#### [What this task involves]
Only one stretch of the listing below is wanted. Give it again exactly, from the line with "2tb Samsung 870" through the line with "OTTOMAN NAVIGATION (853)".

#### [Provided data]

[Start of Attachment]

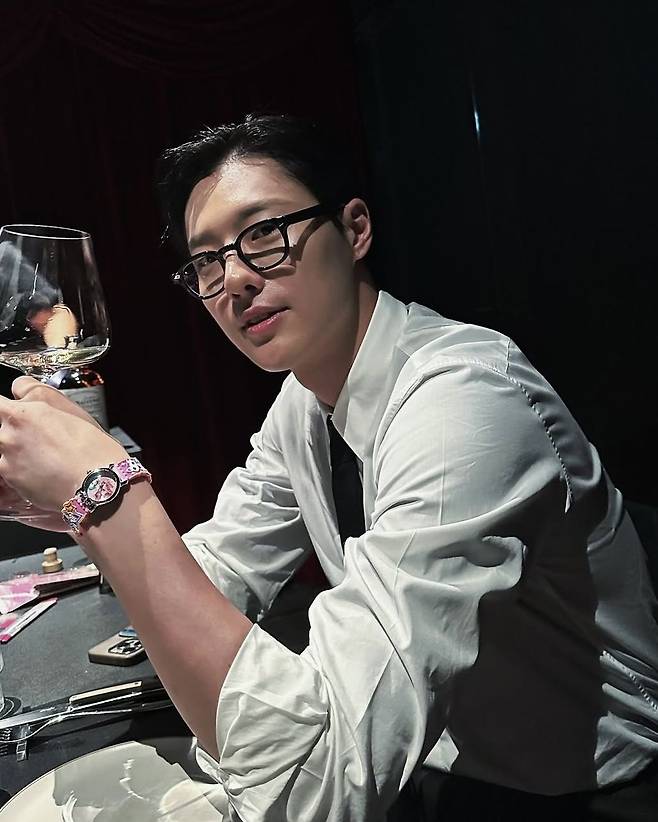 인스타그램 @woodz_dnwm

[End of Attachment]
[Start of Attachment]

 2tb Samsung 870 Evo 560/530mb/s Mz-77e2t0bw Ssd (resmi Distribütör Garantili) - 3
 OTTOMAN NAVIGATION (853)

[End of Attachment]
[Start of Attachment]

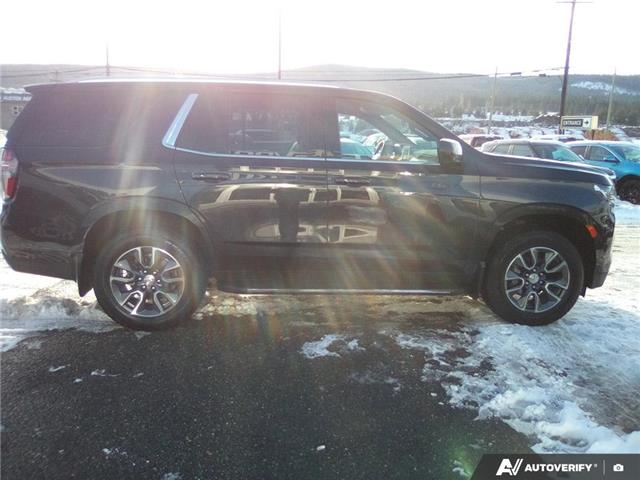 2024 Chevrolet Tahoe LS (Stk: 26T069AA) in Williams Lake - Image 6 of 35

[End of Attachment]

#### [Response to the task]
 2tb Samsung 870 Evo 560/530mb/s Mz-77e2t0bw Ssd (resmi Distribütör Garantili) - 3
 OTTOMAN NAVIGATION (853)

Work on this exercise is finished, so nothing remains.